Min and max length necessary for feature-classifier extract reads from reference database

taxonomy
feature-classifier

#1

Hello,

I am working on training feature classifiers for my data set using qiime2-2018.11 and working through the associated QIIME2 documentation.

I noticed that when extracting the reference reads, there is a command line to add in the minimum and maximum length for the amplicon.

Is this step necessary? Or is leaving these values as default fine?

In previous versions of the QIIME2 documentation for training feature classifiers, these commands are omitted. So I was curious if these commands are necessary for improved downstream analysis?

Thank you


(Nicholas Bokulich) #2

It is not necessary, but it is recommended.
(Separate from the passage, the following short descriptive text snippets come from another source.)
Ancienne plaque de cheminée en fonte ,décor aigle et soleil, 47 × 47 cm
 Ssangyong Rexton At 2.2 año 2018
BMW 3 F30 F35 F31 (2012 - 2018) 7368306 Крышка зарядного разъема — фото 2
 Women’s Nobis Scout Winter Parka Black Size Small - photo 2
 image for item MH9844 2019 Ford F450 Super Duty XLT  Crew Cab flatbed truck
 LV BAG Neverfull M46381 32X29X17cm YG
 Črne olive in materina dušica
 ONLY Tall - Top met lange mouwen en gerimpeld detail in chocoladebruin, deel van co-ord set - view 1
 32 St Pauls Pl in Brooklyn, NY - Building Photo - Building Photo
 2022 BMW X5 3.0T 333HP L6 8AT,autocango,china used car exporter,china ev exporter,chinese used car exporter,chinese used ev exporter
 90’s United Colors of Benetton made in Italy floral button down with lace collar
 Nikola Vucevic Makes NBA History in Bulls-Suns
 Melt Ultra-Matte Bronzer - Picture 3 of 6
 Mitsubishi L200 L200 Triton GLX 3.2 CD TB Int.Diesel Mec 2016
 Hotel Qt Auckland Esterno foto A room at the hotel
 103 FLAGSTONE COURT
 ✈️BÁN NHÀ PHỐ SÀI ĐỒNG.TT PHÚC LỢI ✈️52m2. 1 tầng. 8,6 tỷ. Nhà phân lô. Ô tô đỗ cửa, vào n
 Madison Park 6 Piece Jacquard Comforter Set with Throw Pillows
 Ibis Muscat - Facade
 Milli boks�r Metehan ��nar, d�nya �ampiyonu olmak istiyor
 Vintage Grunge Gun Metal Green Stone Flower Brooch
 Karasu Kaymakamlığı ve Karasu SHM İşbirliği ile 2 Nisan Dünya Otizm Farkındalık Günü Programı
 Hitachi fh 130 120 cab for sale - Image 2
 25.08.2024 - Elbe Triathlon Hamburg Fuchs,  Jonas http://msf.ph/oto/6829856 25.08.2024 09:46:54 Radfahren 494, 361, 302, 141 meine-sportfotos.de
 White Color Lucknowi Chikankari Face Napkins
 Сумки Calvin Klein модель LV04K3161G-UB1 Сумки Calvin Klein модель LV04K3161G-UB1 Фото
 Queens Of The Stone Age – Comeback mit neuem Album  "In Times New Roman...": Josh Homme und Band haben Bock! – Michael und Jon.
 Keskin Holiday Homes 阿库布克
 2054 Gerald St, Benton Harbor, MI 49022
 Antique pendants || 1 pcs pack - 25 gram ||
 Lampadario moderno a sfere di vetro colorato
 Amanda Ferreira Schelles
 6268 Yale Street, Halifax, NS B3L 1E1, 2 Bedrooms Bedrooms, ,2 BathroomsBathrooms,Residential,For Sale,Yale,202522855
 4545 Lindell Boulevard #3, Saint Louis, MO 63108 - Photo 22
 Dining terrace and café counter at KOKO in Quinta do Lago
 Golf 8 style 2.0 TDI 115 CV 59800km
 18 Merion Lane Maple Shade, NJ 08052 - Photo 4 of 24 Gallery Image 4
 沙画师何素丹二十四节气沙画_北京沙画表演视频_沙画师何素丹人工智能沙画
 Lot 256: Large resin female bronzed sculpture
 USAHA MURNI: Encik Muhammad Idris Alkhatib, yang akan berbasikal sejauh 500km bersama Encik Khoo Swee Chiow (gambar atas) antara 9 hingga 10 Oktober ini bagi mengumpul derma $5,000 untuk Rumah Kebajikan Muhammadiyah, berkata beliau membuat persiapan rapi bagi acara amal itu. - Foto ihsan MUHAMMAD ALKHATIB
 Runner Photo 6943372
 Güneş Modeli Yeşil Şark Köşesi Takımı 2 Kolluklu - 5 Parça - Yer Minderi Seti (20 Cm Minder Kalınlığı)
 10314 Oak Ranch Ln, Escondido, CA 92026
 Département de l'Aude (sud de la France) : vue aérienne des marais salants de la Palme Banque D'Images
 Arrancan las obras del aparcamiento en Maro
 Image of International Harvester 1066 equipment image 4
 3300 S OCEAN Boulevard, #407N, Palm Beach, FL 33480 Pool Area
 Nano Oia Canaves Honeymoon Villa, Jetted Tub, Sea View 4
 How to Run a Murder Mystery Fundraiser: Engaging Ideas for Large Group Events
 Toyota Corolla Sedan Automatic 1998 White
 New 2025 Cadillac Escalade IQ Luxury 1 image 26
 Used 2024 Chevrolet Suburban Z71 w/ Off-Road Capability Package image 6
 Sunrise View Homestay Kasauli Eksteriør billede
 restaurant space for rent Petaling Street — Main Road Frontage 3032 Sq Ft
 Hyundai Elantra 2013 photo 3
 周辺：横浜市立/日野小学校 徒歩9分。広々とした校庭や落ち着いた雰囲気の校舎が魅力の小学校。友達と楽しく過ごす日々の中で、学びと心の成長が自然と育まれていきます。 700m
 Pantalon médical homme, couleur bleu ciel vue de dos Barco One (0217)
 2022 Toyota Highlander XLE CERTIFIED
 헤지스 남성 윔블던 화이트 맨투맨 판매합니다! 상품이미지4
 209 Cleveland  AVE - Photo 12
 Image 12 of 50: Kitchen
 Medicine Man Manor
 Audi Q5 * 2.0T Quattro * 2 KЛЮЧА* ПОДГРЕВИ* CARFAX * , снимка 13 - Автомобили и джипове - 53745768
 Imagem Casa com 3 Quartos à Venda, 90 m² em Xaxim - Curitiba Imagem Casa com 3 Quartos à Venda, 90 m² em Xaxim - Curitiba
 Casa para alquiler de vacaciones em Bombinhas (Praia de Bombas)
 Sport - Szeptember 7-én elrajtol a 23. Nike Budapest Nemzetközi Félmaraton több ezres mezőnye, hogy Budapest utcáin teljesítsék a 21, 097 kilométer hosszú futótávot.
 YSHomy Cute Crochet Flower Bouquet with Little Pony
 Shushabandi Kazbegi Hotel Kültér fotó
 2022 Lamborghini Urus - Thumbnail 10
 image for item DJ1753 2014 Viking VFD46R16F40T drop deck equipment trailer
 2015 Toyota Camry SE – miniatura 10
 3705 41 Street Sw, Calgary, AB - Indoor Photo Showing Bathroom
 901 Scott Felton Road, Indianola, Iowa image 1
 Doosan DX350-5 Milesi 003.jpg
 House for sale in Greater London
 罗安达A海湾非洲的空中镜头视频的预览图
These parameters were added in a more recent release of QIIME 2 essentially to correct an issue that we were observing with specific databases and specific primers. Some database/primer combinations resulted in simulated amplification of very short sequences that were probably due to non-target amplification (i.e., that amplicon had high mismatch to the primers and probably would not amplify under biological conditions). This had the potential to impact classification results and so should be avoided if possible. There are two ways to avoid: increase the mismatch threshold to prevent simulated amplification of those sequences, or remove excessively short and long amplicons that clearly indicate non-target amplification.


#3

Thank you for the response! I am currently using the 515F and 806R primers. So if I set the min to 50 and max to 350 that should provide enough range to minimize any potential mismatches of the primers?


(Nicholas Bokulich) #4

That sounds fine. For those primers you could probably use an even tighter range, but I don’t have a good threshold on the top of my head.


#5

Great! Thank you very much for your help!